The Silver Spurz
Overview & Key Facts
The Silver Spurz occupies a quiet corner of Brighton Avenue in District 19 — a short, leafy residential road that runs between Upper Serangoon Road and Serangoon Gardens Way, flanked on both sides by two-storey landed houses and low-rise private estates. Developed by Goodland Development Pte Ltd and completed in 2007, it is among the smallest private condominiums in Singapore: just seven units standing on a compact freehold plot. If The Minton represents one end of the D19 spectrum — a 1,145-unit mega-development with resort-scale facilities — The Silver Spurz sits definitively at the other.
With only seven units, the development functions less like a conventional condominium and more like a boutique cluster of large private residences sharing a common address and a gated compound. The average transaction price of S$2.66 million — and a median hitting S$3 million — places it firmly in the upper tier of OCR pricing, a reflection not of PSF efficiency but of absolute unit size.
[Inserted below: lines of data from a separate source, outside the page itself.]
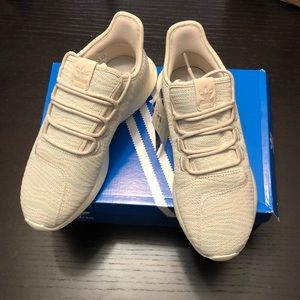 tubular shadow cream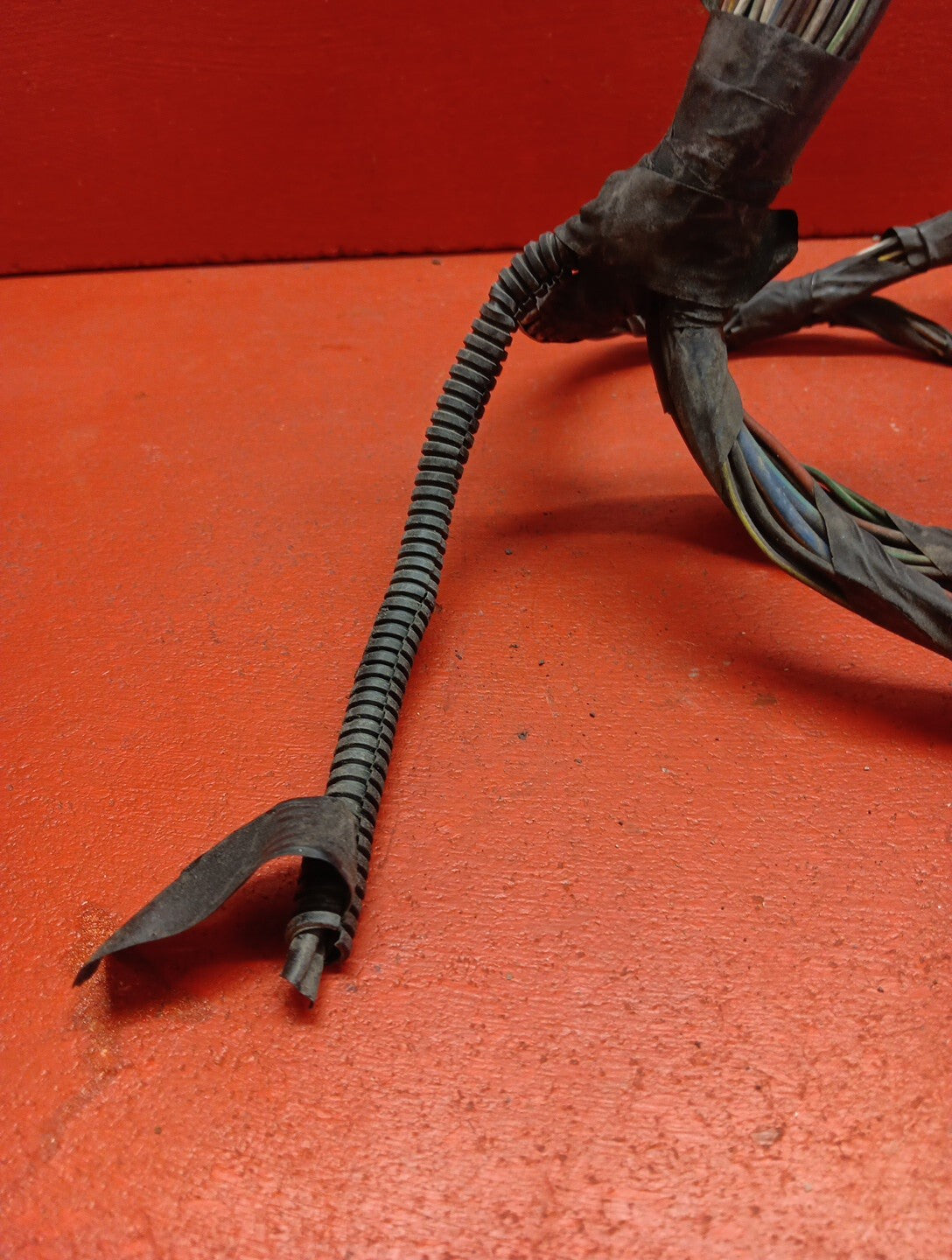 2006 Dodge Durango Power Distribution Fuse Relay Box PIGTAILS ONLY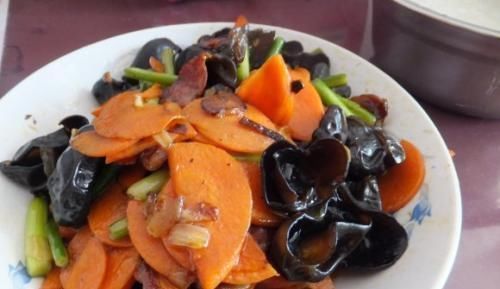 黑木耳和此物一起炒,保护肠胃,血管通畅无阻,眼睛也明亮了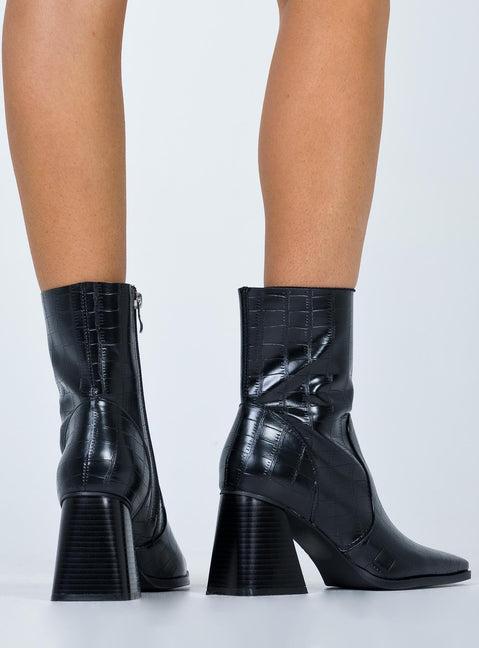 Michelle Boots Black Product Image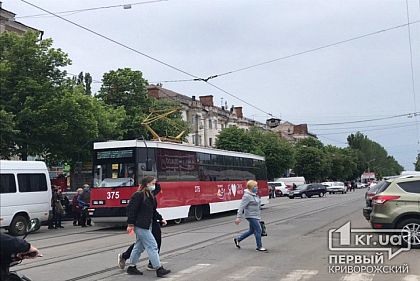 На 405 криворожан за переход дороги в неположенном месте патрульные составили материалы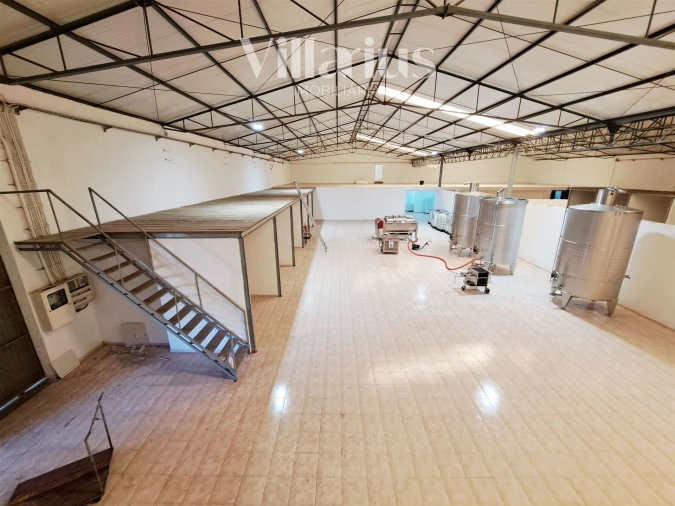 Armazém para Venda em Areias e Pias Foto 27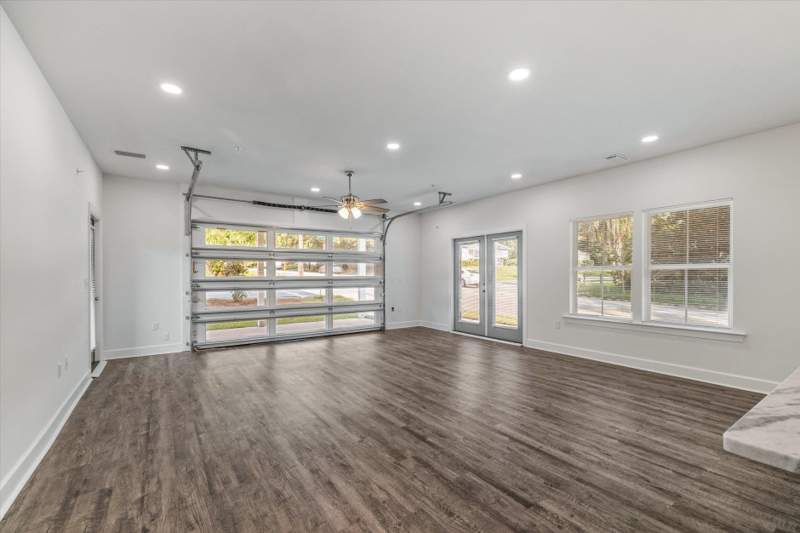  bedroom MultiFamily at 1735 JacksonBluff Road, Eppes Heights, Tallahassee — photo 5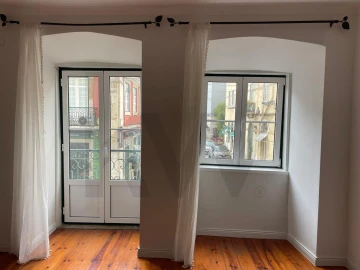 Apartamento T2 para Arrendamento em Misericórdia
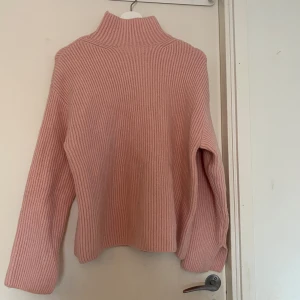 Stickad tröja  - Rosa stickad tröja! Så gullig och bra kvalitet ! Storlek s! Har slits i armarna! Endast använd en gång ! Nypris är runt 400-500!!🥰🥰🥰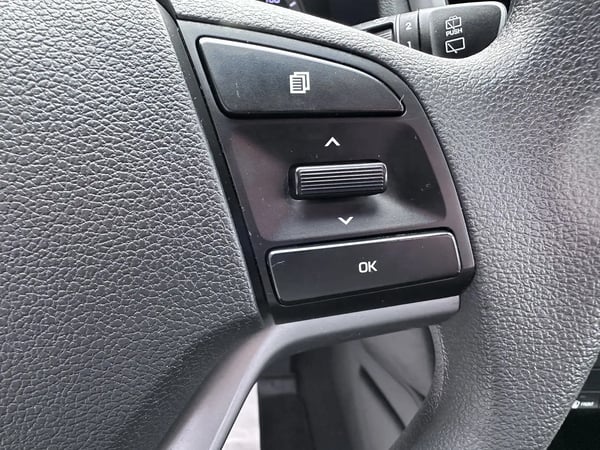 Photo de la voiture HYUNDAI TUCSON 1.7 CRDi 115 2WD Initia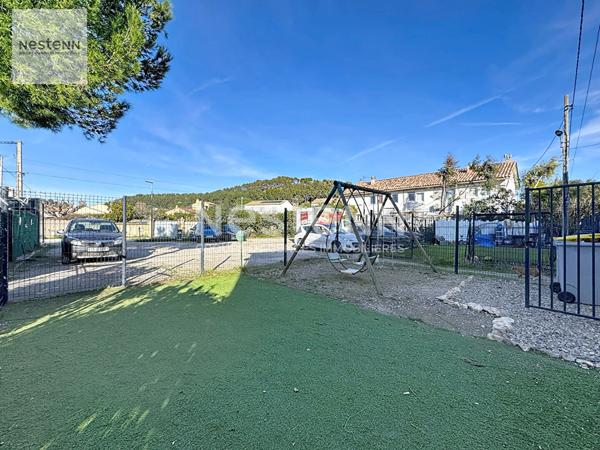 Haut de villa de type 4 de 75m² à Saint-Chamas proche de l'étang secteur de la digue en impasse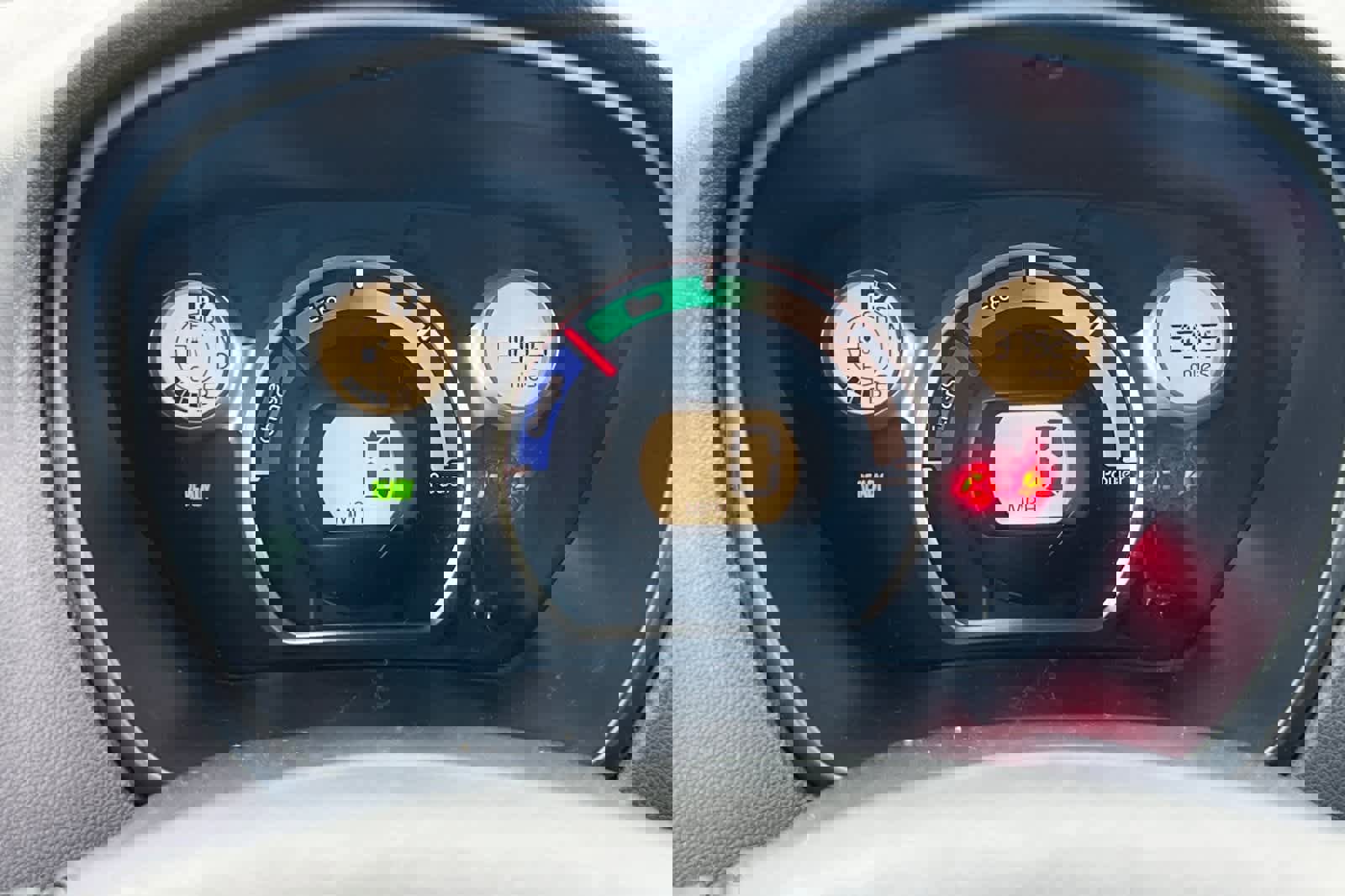 Used 2016 Mitsubishi i ES image 25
Buyers here are not purchasing a two-bedroom investment apartment; they are acquiring what is effectively a large private home within a secure, near-anonymous compound in one of Singapore’s most established residential enclaves.
Goodland Development is a boutique developer with a portfolio of small-scale freehold residential projects across Singapore, typically in mature, landed-adjacent neighbourhoods. The Silver Spurz fits this profile precisely: understated, privately scaled, and positioned at the interface of the landed and private condominium markets. The development’s low transaction volume — only five recorded sales — and total absence of rental data are not anomalies but structural features of what it is: a home, not an investment instrument.
Location & Connectivity
Brighton Avenue is one of those streets that appears on almost no one’s mental map of Singapore’s property market, yet sits in a neighbourhood that residents consistently describe as among the most liveable in the north-east. The surrounding Serangoon Gardens and Kovan areas are defined by low-rise landed housing, mature trees lining kerb-less roads, and a pace of life that feels genuinely removed from the city’s density — even as NEX mall, Cedar Primary School, and Serangoon MRT are all reachable within a short drive.
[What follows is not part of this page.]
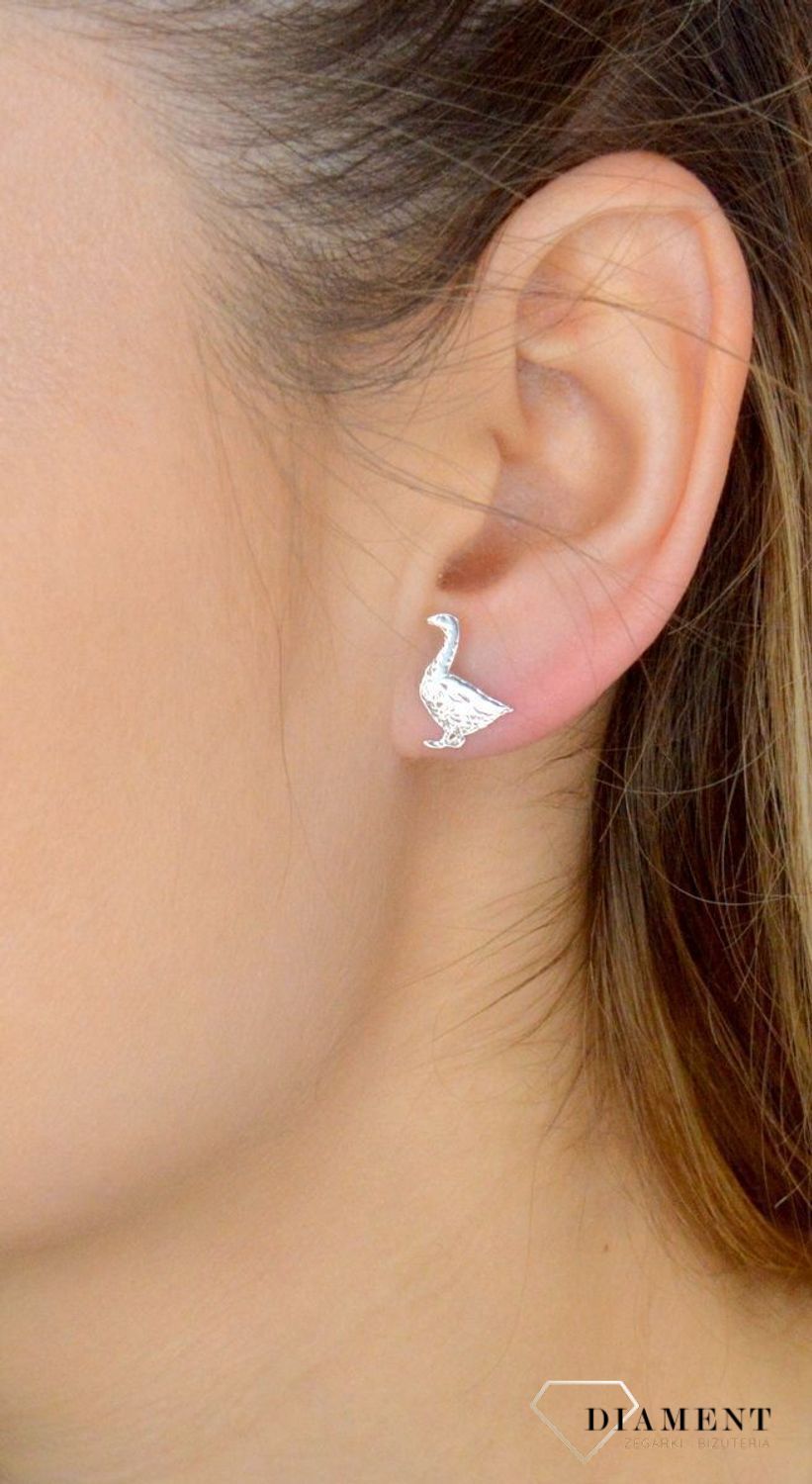 Srebrne kolczyki dziecięce 925 blaszki gęsi KS060823R. Srebrne kolczyki dziecięce. Kolczyki blaszki gęsi. Kolczyki gęsi na sztyft. Kolczyki srebrne wkrętki idealne na prezent..jpg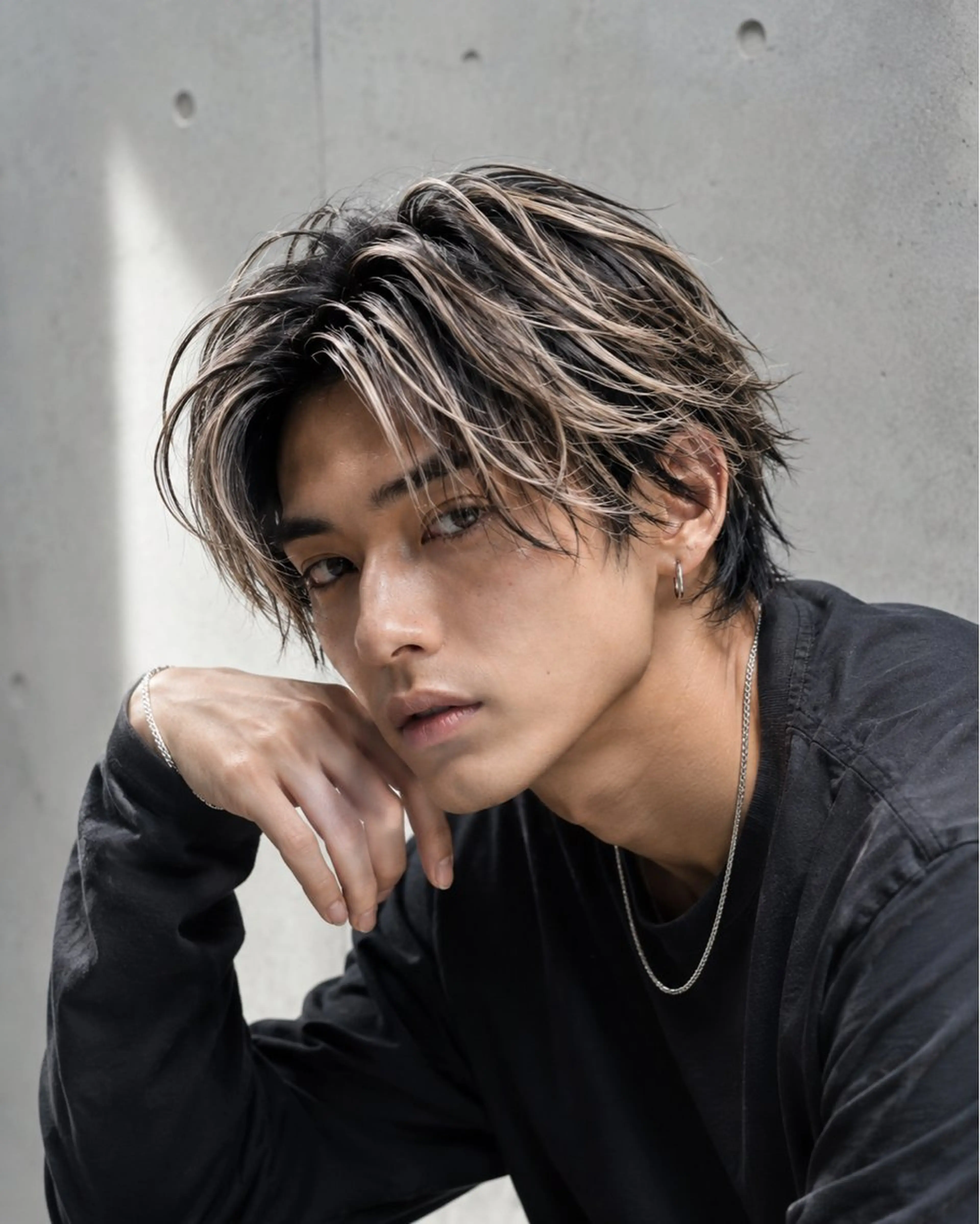 ミディアム カラー メンズ メンズバレイヤージュ バレイヤージュ レイヤーカット カット ヘアカラー トリートメント バレイヤージュ/ シャドウルーツ/安室のヘアスタイル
The honest MRT picture is the most significant practical constraint this development carries. All three nearby stations exceed 1 kilometre on foot. Serangoon MRT (North-East Line / Circle Line interchange) is the closest at 1.18 km — a distance that becomes a 12–14 minute walk in Singapore’s heat and humidity, carrying bags or with young children. Kovan MRT (North-East Line) is 1.31 km; Lorong Chuan MRT (Circle Line) is 1.39 km. Bus services operate on Upper Serangoon Road and Serangoon Gardens Way, but this is categorically a car-dependent address. Residents without a car or driver will find daily commuting materially more difficult than at MRT-proximate alternatives in the same district.
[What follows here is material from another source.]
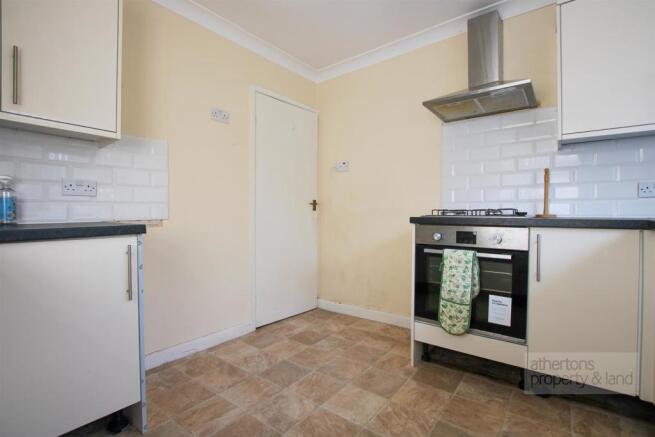 Kitchen 2.jpg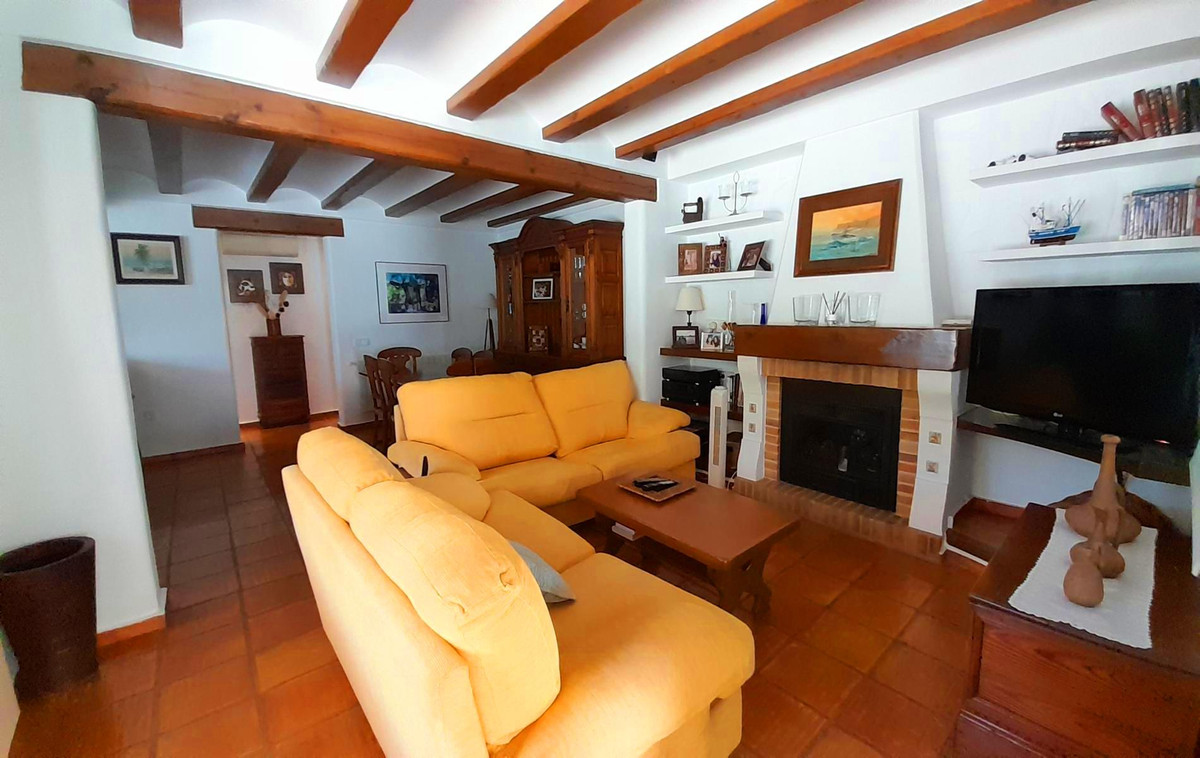 DETACHED HOUSE IN JÁVEA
For drivers, the positioning is considerably more agreeable. The CTE is accessible via Upper Serangoon Road in under five minutes, placing Orchard Road at approximately 15–18 minutes in off-peak conditions and the CBD at around 20–25 minutes. Serangoon Gardens Circus — a 10-minute walk or two-minute drive — provides a compact cluster of coffee shops, hawker stalls, and convenience retail. The NEX shopping mall at Serangoon, with its FairPrice Xtra, public library, cineplex, and food court, is a four-minute drive and represents the primary large-format retail destination for most Brighton Avenue households.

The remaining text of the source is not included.